Closed Mixomo closed 1 month ago
Hi @Mixomo
Those warnings/limits are set within Coqui's scripts, at their suggestion/recommendation for their models. It is fair to say that character sets, other than English do have greater limits as the character sets of other languages take up more tokens per character.
Im not sure where you are stating that you are seeing the warning? You mean when Finetuning?
It shouldn't specifically be an issue when finetuning, though if you specifically wish to reduce the length of your training data text, you can do so by manually editing the csv files, identifying long lines of text that are over your language character set length and either removing them or splitting the line into 2 within the CSV and the splitting the associated audio into 2 files as well and referencing them correctly within your csv files.
If you want to find further information or ask more specific questions about the tokenizer, I would suggest the Coqui documentation and forums:
https://docs.coqui.ai/en/latest/finetuning.html https://docs.coqui.ai/en/latest/models/xtts.html https://github.com/coqui-ai/TTS https://github.com/coqui-ai/TTS/discussions
Thanks
[!] Warning: The text length exceeds the character limit of 239 for language 'es', this might cause truncated audio.
Hello, Does this warning have to be taken literally?

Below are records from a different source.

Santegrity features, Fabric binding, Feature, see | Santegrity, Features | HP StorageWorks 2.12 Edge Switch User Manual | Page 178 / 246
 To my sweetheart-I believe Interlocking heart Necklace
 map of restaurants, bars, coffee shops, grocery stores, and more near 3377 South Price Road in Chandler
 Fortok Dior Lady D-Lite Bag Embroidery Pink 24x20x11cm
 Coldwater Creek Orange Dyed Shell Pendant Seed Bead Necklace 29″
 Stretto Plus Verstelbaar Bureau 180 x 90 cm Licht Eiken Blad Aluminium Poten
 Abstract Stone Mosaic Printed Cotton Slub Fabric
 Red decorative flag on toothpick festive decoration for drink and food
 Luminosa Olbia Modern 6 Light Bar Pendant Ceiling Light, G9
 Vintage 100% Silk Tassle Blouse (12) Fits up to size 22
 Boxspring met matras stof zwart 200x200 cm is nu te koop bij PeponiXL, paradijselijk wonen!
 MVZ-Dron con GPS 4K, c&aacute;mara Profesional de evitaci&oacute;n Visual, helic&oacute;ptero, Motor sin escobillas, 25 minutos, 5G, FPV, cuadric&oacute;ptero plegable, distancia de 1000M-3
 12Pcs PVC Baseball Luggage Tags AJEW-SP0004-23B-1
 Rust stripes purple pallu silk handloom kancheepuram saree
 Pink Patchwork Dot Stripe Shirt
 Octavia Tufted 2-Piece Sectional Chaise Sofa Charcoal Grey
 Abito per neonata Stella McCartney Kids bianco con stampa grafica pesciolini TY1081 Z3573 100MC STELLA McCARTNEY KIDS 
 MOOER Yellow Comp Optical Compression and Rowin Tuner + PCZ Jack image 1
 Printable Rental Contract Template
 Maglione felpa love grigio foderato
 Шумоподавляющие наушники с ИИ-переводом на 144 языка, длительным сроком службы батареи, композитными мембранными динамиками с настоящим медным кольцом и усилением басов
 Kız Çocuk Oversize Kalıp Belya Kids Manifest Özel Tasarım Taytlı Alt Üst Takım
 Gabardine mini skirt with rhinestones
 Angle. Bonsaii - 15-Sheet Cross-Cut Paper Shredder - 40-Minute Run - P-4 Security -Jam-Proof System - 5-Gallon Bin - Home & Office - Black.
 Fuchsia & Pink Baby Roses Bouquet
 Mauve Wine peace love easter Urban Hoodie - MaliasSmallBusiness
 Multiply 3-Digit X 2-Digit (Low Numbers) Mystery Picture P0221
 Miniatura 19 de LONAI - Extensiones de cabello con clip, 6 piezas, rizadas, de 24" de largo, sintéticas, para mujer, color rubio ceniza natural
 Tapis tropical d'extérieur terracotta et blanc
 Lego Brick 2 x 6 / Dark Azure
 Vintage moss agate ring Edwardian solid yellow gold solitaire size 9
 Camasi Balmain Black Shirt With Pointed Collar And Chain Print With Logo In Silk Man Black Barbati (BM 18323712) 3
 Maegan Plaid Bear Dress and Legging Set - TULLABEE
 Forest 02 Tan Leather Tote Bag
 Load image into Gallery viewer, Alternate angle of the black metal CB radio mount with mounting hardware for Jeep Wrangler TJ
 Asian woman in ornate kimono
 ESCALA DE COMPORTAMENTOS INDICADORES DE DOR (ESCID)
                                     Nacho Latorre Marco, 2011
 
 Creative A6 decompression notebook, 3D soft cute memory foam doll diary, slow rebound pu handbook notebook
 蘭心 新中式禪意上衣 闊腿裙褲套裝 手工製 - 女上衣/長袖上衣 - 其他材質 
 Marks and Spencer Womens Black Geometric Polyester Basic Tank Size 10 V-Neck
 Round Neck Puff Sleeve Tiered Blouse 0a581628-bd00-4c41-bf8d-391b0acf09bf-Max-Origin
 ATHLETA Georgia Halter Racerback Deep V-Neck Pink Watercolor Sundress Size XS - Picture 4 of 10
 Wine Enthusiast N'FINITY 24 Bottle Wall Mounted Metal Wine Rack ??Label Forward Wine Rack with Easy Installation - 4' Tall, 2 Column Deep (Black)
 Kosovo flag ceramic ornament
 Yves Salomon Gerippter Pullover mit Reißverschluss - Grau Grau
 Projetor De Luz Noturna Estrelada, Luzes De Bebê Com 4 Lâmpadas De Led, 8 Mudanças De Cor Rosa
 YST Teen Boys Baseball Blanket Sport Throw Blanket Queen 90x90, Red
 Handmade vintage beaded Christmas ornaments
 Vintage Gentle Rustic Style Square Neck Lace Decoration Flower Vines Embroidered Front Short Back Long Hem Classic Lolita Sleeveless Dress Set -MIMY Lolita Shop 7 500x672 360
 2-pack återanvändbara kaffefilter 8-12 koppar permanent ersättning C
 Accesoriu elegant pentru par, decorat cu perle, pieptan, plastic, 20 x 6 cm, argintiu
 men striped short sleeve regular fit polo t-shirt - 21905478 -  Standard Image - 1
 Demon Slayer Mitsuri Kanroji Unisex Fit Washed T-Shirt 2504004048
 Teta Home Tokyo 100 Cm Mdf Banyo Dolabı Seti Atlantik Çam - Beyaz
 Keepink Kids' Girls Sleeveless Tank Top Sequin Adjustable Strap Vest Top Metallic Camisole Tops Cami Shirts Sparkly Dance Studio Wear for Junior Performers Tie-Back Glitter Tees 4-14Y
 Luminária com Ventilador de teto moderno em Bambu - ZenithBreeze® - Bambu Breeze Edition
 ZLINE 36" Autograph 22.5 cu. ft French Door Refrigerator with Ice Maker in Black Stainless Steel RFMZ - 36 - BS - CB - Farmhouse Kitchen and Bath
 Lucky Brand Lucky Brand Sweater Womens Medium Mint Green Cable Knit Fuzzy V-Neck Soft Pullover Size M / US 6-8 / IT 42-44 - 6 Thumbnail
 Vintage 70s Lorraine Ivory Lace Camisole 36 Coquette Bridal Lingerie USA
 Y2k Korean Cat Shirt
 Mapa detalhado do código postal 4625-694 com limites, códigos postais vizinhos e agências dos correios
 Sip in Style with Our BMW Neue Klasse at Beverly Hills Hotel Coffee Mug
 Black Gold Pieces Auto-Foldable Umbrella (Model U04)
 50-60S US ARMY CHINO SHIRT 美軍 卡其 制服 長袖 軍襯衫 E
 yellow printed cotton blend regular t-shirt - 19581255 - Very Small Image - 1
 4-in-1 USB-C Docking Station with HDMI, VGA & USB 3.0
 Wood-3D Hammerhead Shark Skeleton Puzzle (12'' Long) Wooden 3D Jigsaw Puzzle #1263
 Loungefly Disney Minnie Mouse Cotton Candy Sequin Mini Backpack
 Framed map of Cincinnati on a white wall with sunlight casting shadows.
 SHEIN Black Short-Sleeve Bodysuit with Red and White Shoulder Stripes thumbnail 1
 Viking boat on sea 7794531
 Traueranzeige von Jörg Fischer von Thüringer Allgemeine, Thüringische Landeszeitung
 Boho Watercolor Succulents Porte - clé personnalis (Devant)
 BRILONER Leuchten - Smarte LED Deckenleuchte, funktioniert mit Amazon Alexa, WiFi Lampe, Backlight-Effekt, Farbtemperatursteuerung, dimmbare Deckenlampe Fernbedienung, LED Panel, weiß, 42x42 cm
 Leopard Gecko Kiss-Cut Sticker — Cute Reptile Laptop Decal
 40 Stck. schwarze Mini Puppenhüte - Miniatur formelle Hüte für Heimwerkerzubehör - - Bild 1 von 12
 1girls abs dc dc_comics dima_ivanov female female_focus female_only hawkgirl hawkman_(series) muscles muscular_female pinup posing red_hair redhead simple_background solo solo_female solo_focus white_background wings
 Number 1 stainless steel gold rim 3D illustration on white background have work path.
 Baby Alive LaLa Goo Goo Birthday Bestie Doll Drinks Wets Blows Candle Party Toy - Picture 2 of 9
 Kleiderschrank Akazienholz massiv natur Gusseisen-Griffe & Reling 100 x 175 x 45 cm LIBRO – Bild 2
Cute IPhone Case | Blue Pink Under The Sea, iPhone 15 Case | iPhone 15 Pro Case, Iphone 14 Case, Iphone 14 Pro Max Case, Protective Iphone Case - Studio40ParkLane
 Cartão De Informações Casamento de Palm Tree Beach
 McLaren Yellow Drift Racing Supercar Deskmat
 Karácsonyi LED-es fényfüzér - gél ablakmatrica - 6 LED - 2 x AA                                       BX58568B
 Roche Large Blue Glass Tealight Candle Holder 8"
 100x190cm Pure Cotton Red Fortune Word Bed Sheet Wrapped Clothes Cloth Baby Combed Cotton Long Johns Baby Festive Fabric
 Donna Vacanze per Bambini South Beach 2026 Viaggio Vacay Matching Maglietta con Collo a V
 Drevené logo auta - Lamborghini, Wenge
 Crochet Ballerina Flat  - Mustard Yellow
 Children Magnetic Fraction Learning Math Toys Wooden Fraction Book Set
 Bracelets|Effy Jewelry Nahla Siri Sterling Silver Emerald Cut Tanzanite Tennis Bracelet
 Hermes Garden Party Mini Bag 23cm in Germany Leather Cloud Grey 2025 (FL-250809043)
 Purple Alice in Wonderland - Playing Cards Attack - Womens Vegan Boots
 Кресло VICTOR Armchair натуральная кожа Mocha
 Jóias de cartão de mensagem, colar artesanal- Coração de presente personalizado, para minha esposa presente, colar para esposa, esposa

I have trained a couple of models, and they have not given me any problems with truncated audios. However the warning has me intrigued... is it due to the limits of the tokenizer for each language? Can this limit be bypassed? Or are the tokenizers already programmed with this limit? I saw reference to the limits in this portion of the tokenizer.py code (sorry if it's not the code the warning actually refers to).
Thank you